SOURCE DATA –
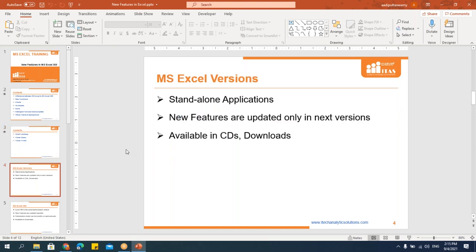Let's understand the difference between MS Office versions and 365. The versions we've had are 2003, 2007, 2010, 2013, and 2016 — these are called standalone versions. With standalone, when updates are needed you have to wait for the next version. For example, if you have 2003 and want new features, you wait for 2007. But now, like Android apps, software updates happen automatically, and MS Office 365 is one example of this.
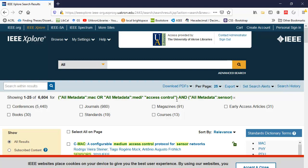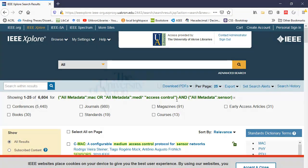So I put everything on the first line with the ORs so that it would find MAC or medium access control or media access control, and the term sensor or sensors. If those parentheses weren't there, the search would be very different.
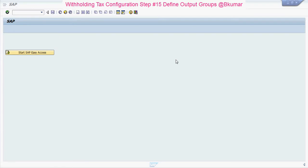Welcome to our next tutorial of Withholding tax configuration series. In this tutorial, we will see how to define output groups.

* * *

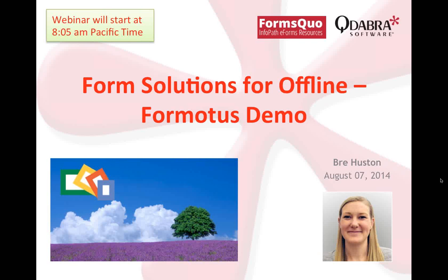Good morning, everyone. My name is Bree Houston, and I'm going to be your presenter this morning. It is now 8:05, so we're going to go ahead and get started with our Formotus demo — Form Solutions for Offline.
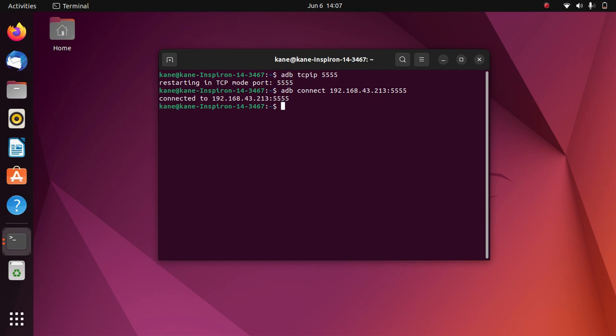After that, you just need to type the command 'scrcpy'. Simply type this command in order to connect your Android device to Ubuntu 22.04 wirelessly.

EXERCISE REQUIREMENTS – Everything between and including the line above containing "Good morning, everyone." and the line containing "After that, you" should be reproduced exactly, with pictures excluded.

EXERCISE SOLUTION –
Good morning, everyone. My name is Bree Houston, and I'm going to be your presenter this morning. It is now 8:05, so we're going to go ahead and get started with our Formotus demo — Form Solutions for Offline.
After that, you just need to type the command 'scrcpy'. Simply type this command in order to connect your Android device to Ubuntu 22.04 wirelessly.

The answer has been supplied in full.